1. De Parijse champignon

Deze paddenstoel vind je overal en hij is ook door iedereen gekend. De hoed en de steel van de champignons zijn wit van kleur. De maat van de hoed kan variëren van klein (+- 40 mm) tot groot (+- 100 mm).
De smaak is vrij neutraal. De champignon kent geen seizoenen en is het ganse jaar verkrijgbaar.

Je kunt hem op zowat alle manieren klaarmaken : in de pan of de wok, gefrituurd of gekookt. De kleinere variant is ook heerlijk rauw in een slaatje. Bak ze echter niet te lang anders worden ze taai.

Na aankoop zijn deze verse champignons 2 tot 3 dagen in de koelkast houdbaar. Ze zijn kwetsbaar en verkleuren snel bij aanraking of beschadiging.

 

2. De bruine kastanjechampignon.

De bruine variant van de witte Parijse paddenstoel is iets kleiner. Deze neef van de witte paddenstoel heeft een vollere smaak, lichtjes nootachtig. Je kunt hem wel op net zoveel manieren klaarmaken.

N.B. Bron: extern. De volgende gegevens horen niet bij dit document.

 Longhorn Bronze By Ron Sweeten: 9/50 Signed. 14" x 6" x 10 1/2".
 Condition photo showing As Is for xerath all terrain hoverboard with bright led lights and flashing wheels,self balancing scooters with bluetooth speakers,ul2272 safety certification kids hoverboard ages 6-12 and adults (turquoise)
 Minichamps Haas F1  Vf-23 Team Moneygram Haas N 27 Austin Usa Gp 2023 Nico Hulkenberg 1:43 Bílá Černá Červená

De bruine versie bewaart iets beter dan de witte, dat komt omdat ze droger zijn. Per vierkante meter worden minder kilo's geoogst dan bij de witte champignons. Daarom zijn kastanjechampignons iets duurder dan witte champignons.

 

3. De cantharel (chanterelle/girolle)

De Fransen hebben het over girolles, wij spreken over cantharellen, dooierzwammen of hanenkammen. Zijn trompethoed is donkergeel, lichtgeel of grijs en is van ca. 3 tot 10 cm breed. De trechtervormige hoed loopt over in de steel van de paddenstoel.

Een rijpe cantharel ruikt naar abrikozen en heeft een licht peperachtige smaak. Die wordt zachter als je hem bakt of kookt.

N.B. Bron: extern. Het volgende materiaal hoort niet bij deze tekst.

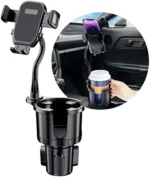 Cup Holder Phone Mount， FONKEN 2 in 1 Cup Car Phone Holder for Car [Stable & Adjustable] Goosenecks Car Cup Holder Expander with Cell Phone Holder 360° Rotation Phone Cup Holder for Car Fit All ph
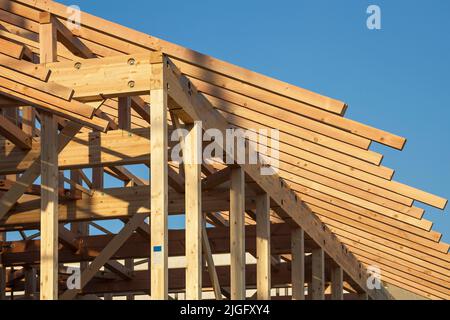 Detail of prefabricated house construction in Ontakesan, Tokyo, Japan Stock Photo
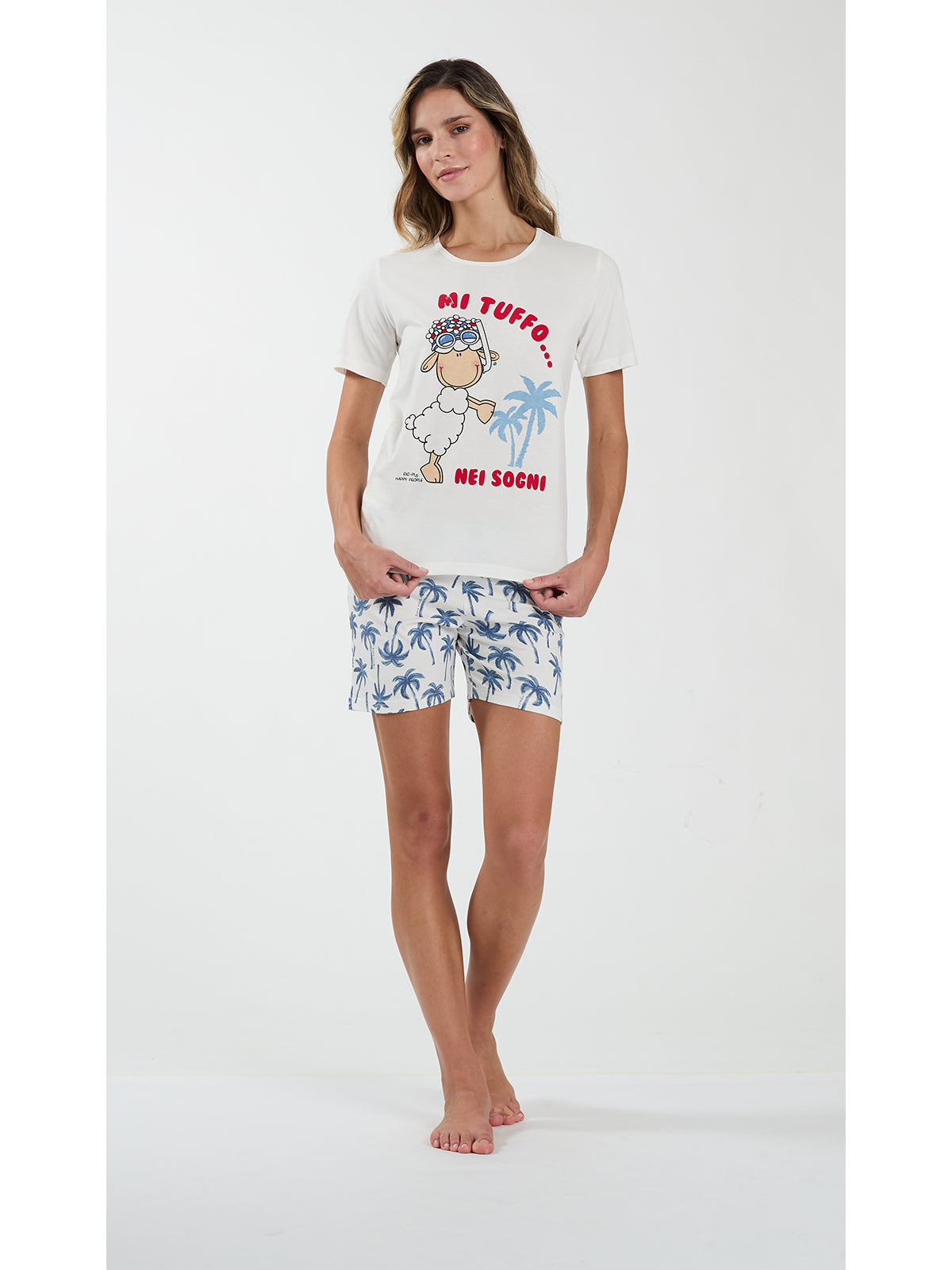 Pigiama corto donna in fresco cotone disegno palme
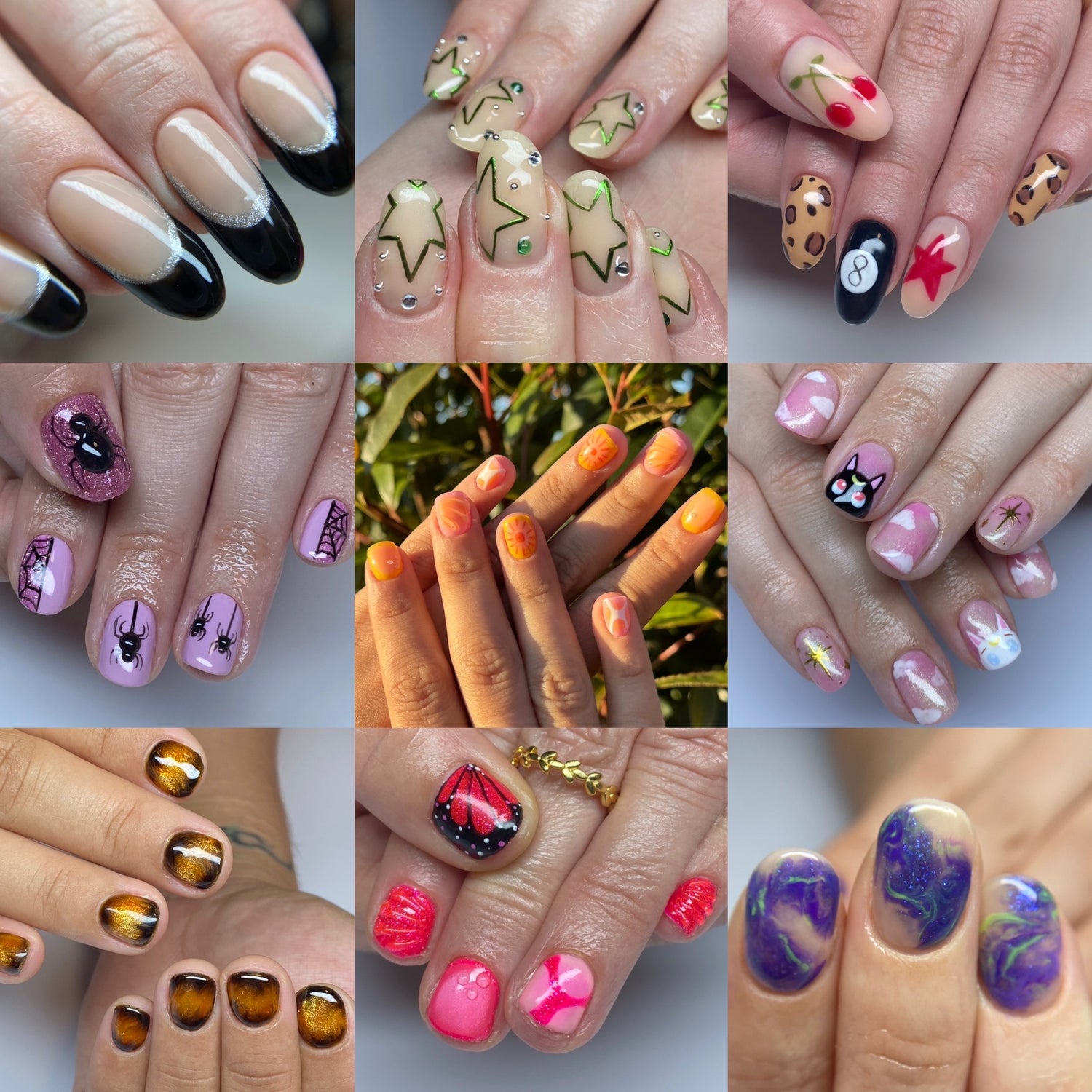 Collage of client hands with various hand panted tier 2 moderate nail art on BIAB & hard gel nails.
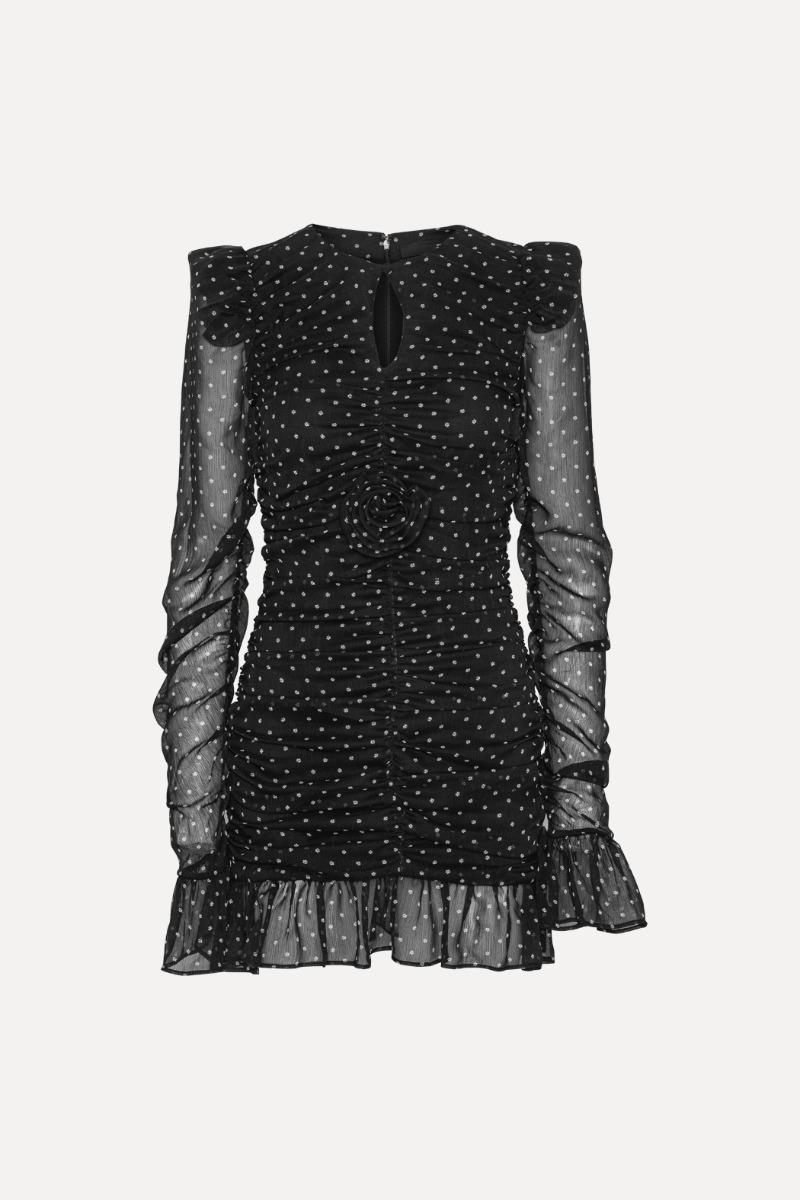Rotate Birger Christensen Printed Long-sleeve Dress Black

Het verfijnde karakter van de cantharel past bijzonder bij wild, stoofschotels en in sauzen. Met zijn fruitige smaak en pepertoets smaakt hij perfect in roerei, omelet en kaasgerechten.

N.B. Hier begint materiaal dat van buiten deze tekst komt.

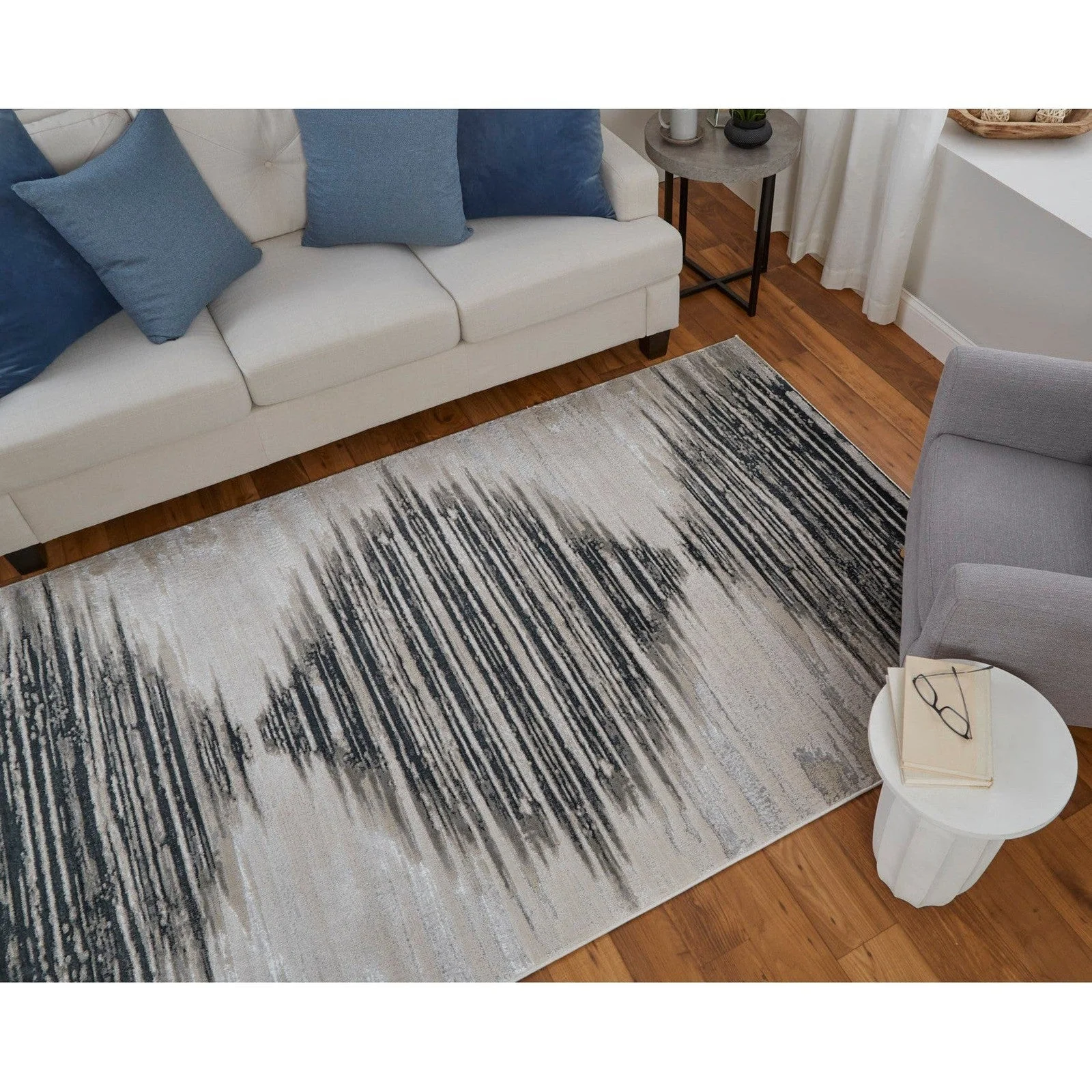 Feizy Micah 39LRF Modern Diamond Rug in Black/Silver/Taupe - Image 4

Een verse, droge cantharel is in de koelkast 5 tot 7 dagen te bewaren.

 

4. De oesterzwam

De oesterzwam is na de champignon de bekendste paddenstoel. Deze zwam met platte hoed en imposante steel is lekker vlezig en heeft een subtiele smaak. De vorm van een oesterzwam lijkt op die van een oesterschelp, vandaar de naam.

Je hoeft hem niet te wassen. Snij een oesterzwam nooit, maar scheur hem in stukjes. Door te snijden druk je de sporen bij mekaar en dit komt niet ten goede aan de smaak. Bak ze in de pan en de zachte smaak is perfect bij een vlees- en visgerecht of in sauzen.

In de originele verpakking kan je ze 3 dagen in de koelkast bewaren.


Er bestaan meerdere types oesterzwammen :

  • De grijze oesterzwam wordt ook kalfsoesterzwam genoemd, omdat de zachte smaak iets weg heeft van kalfsvlees. Deze heeft de meest grove structuur en is erg geliefd bij vegetariërs.
  • De roze oesterzwam is uiterlijk gezien de mooiste, met zijn prachtige zalmroze kleur maar de smaak verschilt niet veel van de andere variëteiten
  • De citroengele oesterzwam is de meest exotische variant. Hij is fluweelzacht en smaakt licht, sappig en zelfs een beetje zoetig.
  • De koningsoesterzwam komt wel voor in Europa, maar alleen in de zuiderse landen.

 

5. De shiitake

Dit is een paddenstoel, die van nature voorkomt in China en Japan. Met hun donkerbruine hoedjes en witte lamellen zijn ze geliefd in de Aziatische keuken.

Deze soort heeft een geschubd uitzicht, rubberachtige textuur en een oesteraroma.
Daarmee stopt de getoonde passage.